William Wegman
La Jolla Vista View (1988)
William Wegman is well known for his arresting and amusing photographs and videotapes of his dogs Man Ray, Fay, Battina, Chundo, Chip, Flo and Topper. For many years, he has dressed his patient and compliant weimaraners in various costumes or placed them in bizarre situations in order to be photographed. Like other conceptual artists that came to wide attention during the 1970s, Wegman used photography to record private actions or performances, often including the dogs. Unlike many of his peers, Wegman suffused these self-explorations with light-hearted humor and potent irony. Puns, double meanings, and word associations run through Wegman's early drawings, which often resemble doodles more than finished works of art.

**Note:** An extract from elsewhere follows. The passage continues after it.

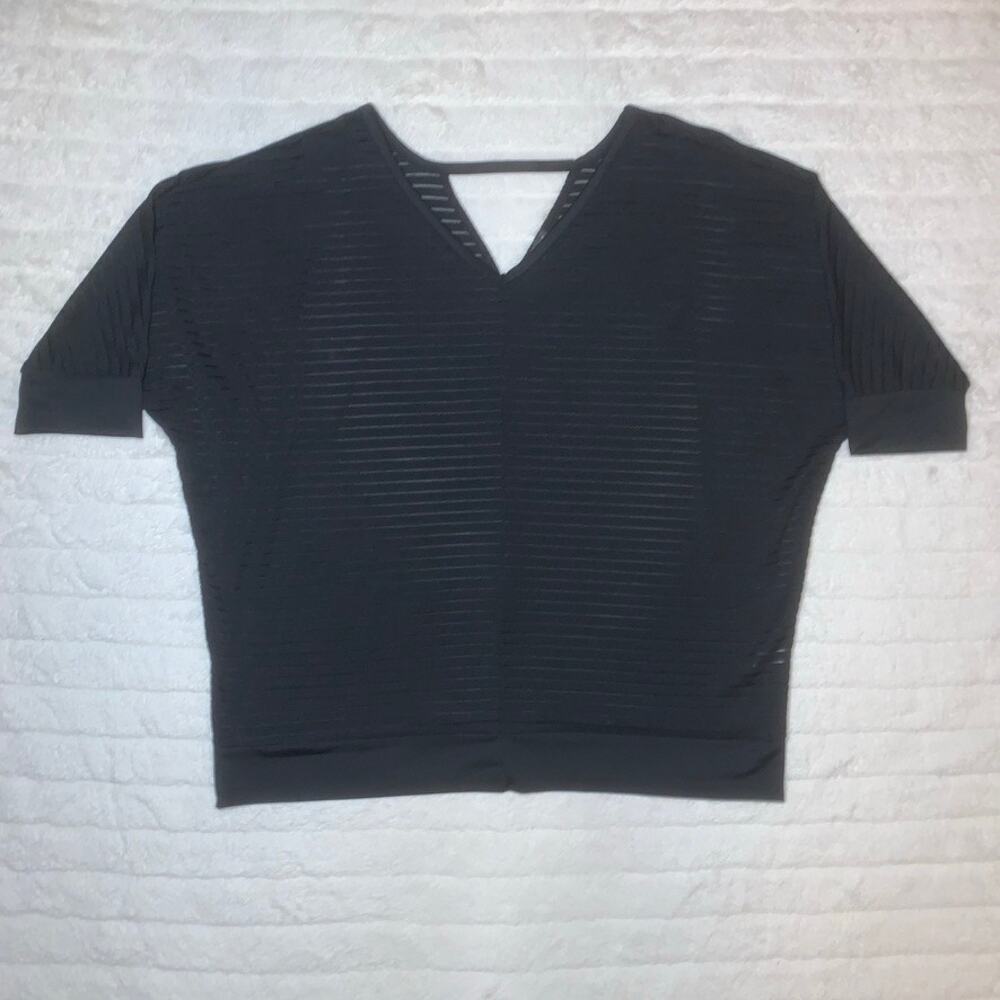 Lane Bryant V-Neck See Through Striped Tee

Wegman's "lessons" and fairy tales illustrated with photographs of the dogs dressed in character have been seen regularly on public television's Sesame Street. To great popular acclaim, he has produced many of them in video and as books. He has also created several unique and highly humorous "Field Guides", a kind of large format Boy Scout guide with poignant drawings and collage items, such as bits of a Pendleton blanket. Painting is also one of his important ongoing activities.
For the Stuart Collection Wegman created his first major outdoor permanent sculpture: he installed a scenic - or nonscenic - overlook at one edge of the campus, near the location of the university's theater and dance complex. The site commands a view not of the Pacific Ocean, visible from the other side of the university, or some other pristine wilderness view, but of La Jolla's suburban sprawl. The centerpiece of La Jolla Vista View is a long bronze map; it transposes from Wegman's idiosyncratic drawing the supposed "points of interest" discernible from the overlook. These include housing developments, construction sites, and the footbridge connecting UCSD with the shopping center adjacent to the campus. Wegman's overlook, complete with a telescope, drinking fountain, and picnic table set under a palm tree, makes a simple cartoonlike connection between Southern California's still-picturesque natural scenery and its booming economic growth/development which places an ever-increasing strain on the region's environment.

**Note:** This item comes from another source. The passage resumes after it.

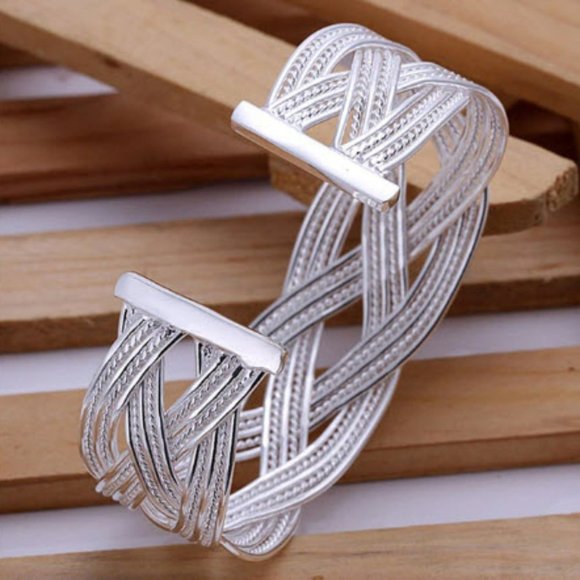 Silver Plated Braided Cuff Bracelet - Picture 2 of 5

Wegman's La Jolla Vista View uses the language of fantasy and humor to convey a serious message. Many of the sites Wegman has marked on his bronze map are temporary - building construction, birds in flight, or a group of people walking their dogs. These immediately "outdated" points of interest cause viewers to contemplate the rapidity of change in everyday life, and the constant revision of history which results. New buildings constructed since the drawing was done in 1987 become markers of time as well as place. By defamiliarizing the ordinary world of suburban life - through its transformation into an exotic or scenic overlook - Wegman encourages the university community to view its surroundings with fresh and newly critical eyes.